Klein is an unsafe thinker. He's chose not to freeze in the face of the rapid changes tearing minor-league baseball apart. Rather, he saw the turmoil as an opportunity. He approached the problem with a spirit of courage and playfulness that he knew industry experts wouldn't accept and would thus put his reputation at risk. And in doing so, he discovered a kind of genius in the bizarre and counterintuitive form of Iron Pigs, Flying Squirrels and Yard Goats.
So, why do a small number of individuals and organizations consistently thrive in conditions of rapid change while so many more attain a certain level of success only to get stuck in a rut? Why do so few of us take a flexible, nimble approach to unfamiliar challenges while the rest of us hold on to outdated or incremental solutions?
This tendency to retreat to the familiar when challenging times call on us to change is not the only unhelpful mental habit we have to contend with. It's just one of dozens of quirks of the human psyche, implanted through evolution, that make us favor safe thinking. We're also pushed in that direction by a bias toward projecting authority and surety instead of admitting we need to ask more questions, an involuntary drift toward conformity when working in groups, and a knack for internalizing conventional wisdom until it appears to be our own gut instinct.
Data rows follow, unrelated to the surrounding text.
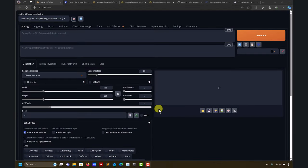Let's do another tutorial on inpainting. This one was prepared based on a specific request: how to change hair — the color of the hair, something like that.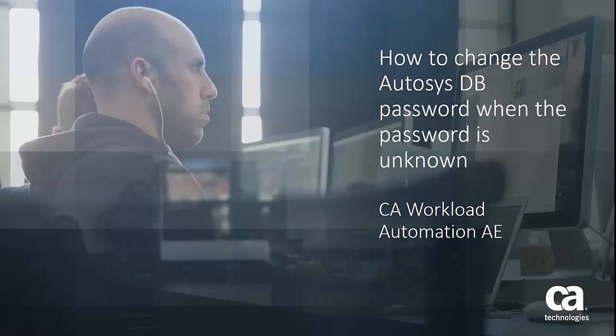Hi, today we will see a short video on how to change the odysys database password when the password is unknown.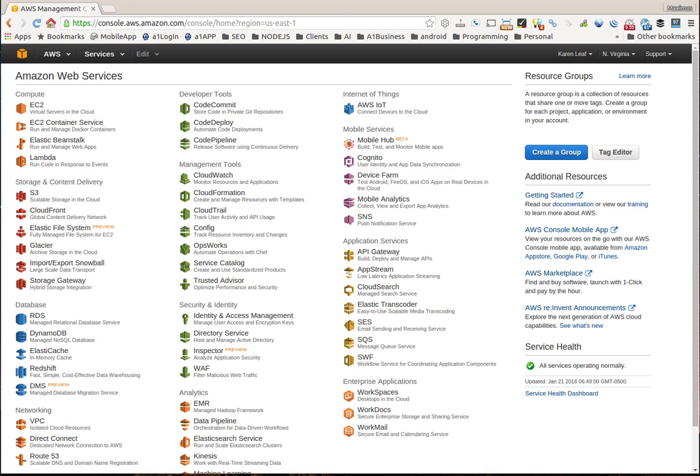Hi, this is Max with A1 Website Pro. This is a continuation of the previous tutorial describing what Amazon Web Services is and stuff like that.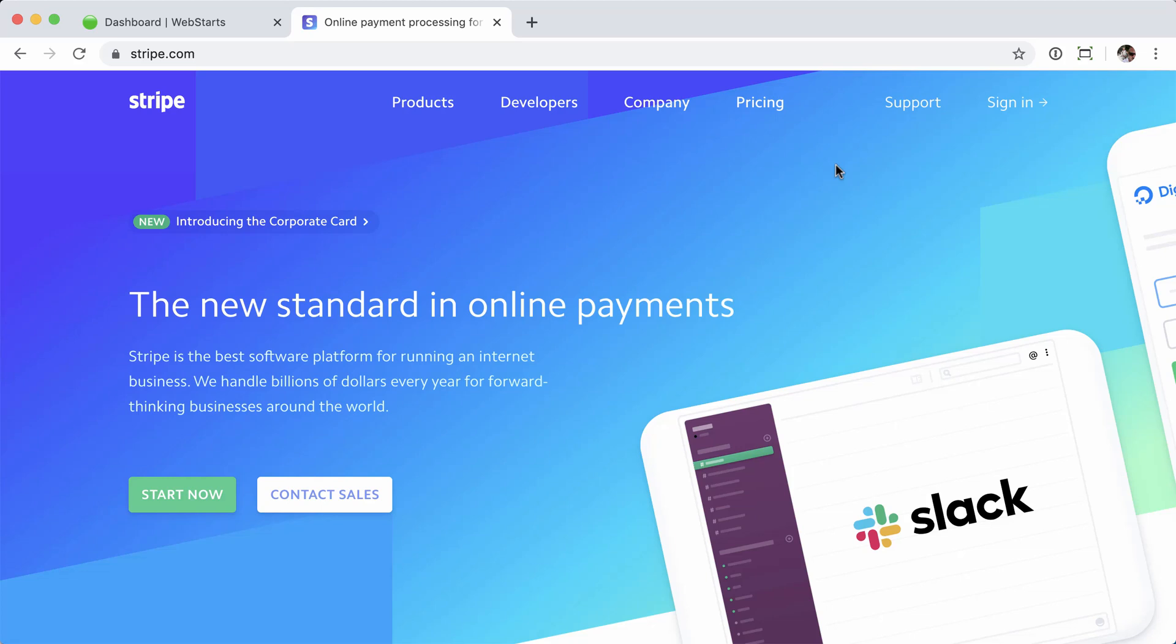In this video, we're going to go over what it takes to change the bank account details within your Stripe account. When first connecting Stripe to your WebStart store, you would have added bank account details at that time. However, should you ever need to change those, you can do so from within your Stripe account.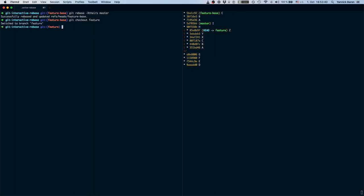Here again we want to rebase our feature branch on top of the base but drop commits a b and c. So there is a handy form with rebase onto. First we specify the new base. In this case it would be feature base.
While science tells us we face an uphill battle in changing ourselves and our institutions, it also offers plenty of reasons for hope. Our understanding of the nature of creativity has undergone a revolution in the past few decades. Where once creative ability was assumed to be a fixed trait that we can't influence, more recent research tells us we have far more control when it comes to being far more creative.
Over the past three years, I've found dozens of individuals who have intentionally worked to expand their thinking patterns and broken with old habits and old ways. I spent time with economists who have upended conventional wisdom and even conventional morality by simply giving away money, no questions asked, to the world's poorest, $1,000 at a time. I've seen how an executive vastly increased her company's valuation by throwing away a $2-billion line of business she knew was undermining her company's brand. I learned the secrets of a two-time championship NBA coach who's taken the pressure out of the game for his players so they can be freed to take risks and I learned about where to find the courage to bounce back and reinvent yourself from the former CEO of the internet's most famous flop who has since rebuilt her reputation and a thriving business.
I found that the breakthroughs of these unsafe thinkers often come not from a single trick or practice but from using all the mental tools available to them. Rationality and creativity, intuition and analysis, intrinsic and extrinsic drive, expert and beginner's mindsets, these are all essential aspects of human thinking. The most adaptive of us rely on those tools that come most naturally and intentionally work to hone those they are less naturally inclined to use.
This whole-brain way of operating is not automatic or instantly achieved. But, it is urgently needed in an era when automatic and simple solutions, appealing as they may be, are unsuited to the challenges we face. We are confronting social, technological and ecological problems unimaginable to our ancestors. We also have, for the first time, opportunities to finally eradicate poverty and most diseases while designing far more just communities. It will take unsafe thinkers who move beyond a reliance on standard approaches, to help us overcome these challenges and seize these opportunities.